A Thesis

Not Particularly Contentious: GM Skill/Quality strongly impacts quality of play experience.

Only Contentious In a Fake Way: Choice of game system strongly impacts quality of play experience.

My (Possibly Contentious) Thesis: As quality of GM increases, the impact of choice of game system on quality of play experience diminishes  (though it is unlikely to diminish to zero).

The Curious Question This Raises: Is the diminishment in importance relative or absolute? That is, does the choice of system stay the same while GM improves, so it’s a smaller percentage of a larger whole, or does the improvement in GM quality also diminish the impact of the system?

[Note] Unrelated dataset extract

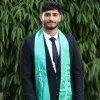 Hussein Al Okla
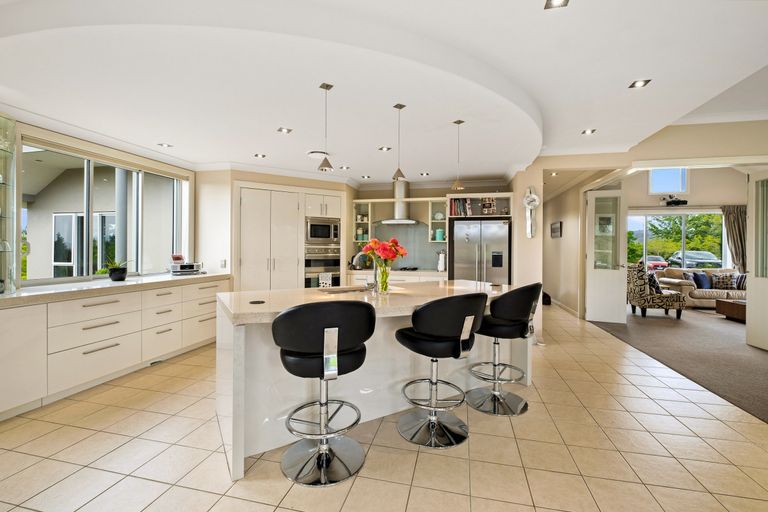 Photo of property in 60 Gilligans Gully Road, Alexandra, 9320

My Answer: A little bit of both. Relative diminishment actually happens, but I think some actual diminishment happens too, especially when the GM has internalized[1] the lessons of the game (and thus no longer needs to lean on the mechanics) or when the GM more strongly takes ownership of the rules to suit her own table.[2]

1 – There’s a great example of this in Tech Noir, a system which has, I think, Internalized the most important lessons from Gumshoe.  In my mind, Gumshoe’s biggest lesson is to teach the GM that there should always be information to move the game forward, and it has an entire clue and investigation system to make that happen.  Tech Noir skips that and just tells the GM that the players should always get a new piece of information.   While that’s a system example, I think it clearly illustrates the idea of how internalizing a system can produce similar outcomes without actually using the system.

2 – Now this is contentious, especially to folks who strongly support playing with rules as written.  Take it as a given that it’s an argument I’ve had many times, a position a respect, but an idea I disagree with.  If you disagree, then your answer to the curious question may be different, which is ok.